El idioma es una parte vital de nuestra identidad, y no precisamente de segunda o tercera líneas, sino que su importancia se ubica entre las primeras. No hay que olvidar que también somos lo que hablamos; las palabras con que nos expresemos estarán reflejando nuestra manera de sentir.
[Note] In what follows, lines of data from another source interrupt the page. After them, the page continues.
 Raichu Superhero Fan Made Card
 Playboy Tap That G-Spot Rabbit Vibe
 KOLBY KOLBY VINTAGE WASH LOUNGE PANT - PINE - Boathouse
Las palabras hacen al hombre, una lengua hace a un país.

Las nuevas generaciones renuevan su lenguaje por necesidad de creación con aportes a veces felices y otros no tanto; vocablos de uso cotidiano bien estructurados por lo imaginativos y por la agudeza de sentido, creados por el pueblo (trucho, por ejempo) habrán de perdurar seguramente por largo tiempo y pasarán al diccionario –aunque esto no sea verdaderamente importante, pues que sea aceptada por la Real Academia Española da lo mismo, por lo que dicha aceptación tiene aún de dominio cultural–; sin embargo otros no correrán la misma suerte (men, por ejemplo), tendrá corta vida ya que es un anglicismo, y la palabra hombre existe en nuestro idioma.

La tarea es ardua y será de nunca acabar mientras sigan reptando los personeros de los intereses antinacionales, empeñados en bastardear nuestro idioma con vocablos ajenos, o en lograr que hablemos sin traducir, incorrectamente por cierto, pero en inglés; ya que siempre será una manera –bien que anómala– de imponer la lengua del poder dominante; o que nombremos con palabras de ese idioma aquello para lo cual siempre las hubo en castellano.

En la Argentina, donde no escasea una nutrida fauna siempre a la expectativa de imitar cualquier cosa proveniente de los Estados Unidos, en cierto momento llegamos al colmo de esta absurda mimesis, ya que tuvimos un presidente –inequívoco sirviente del Imperio– que al parecer no satisfecho con ser padre de un hijo, pretendía serlo de un junior.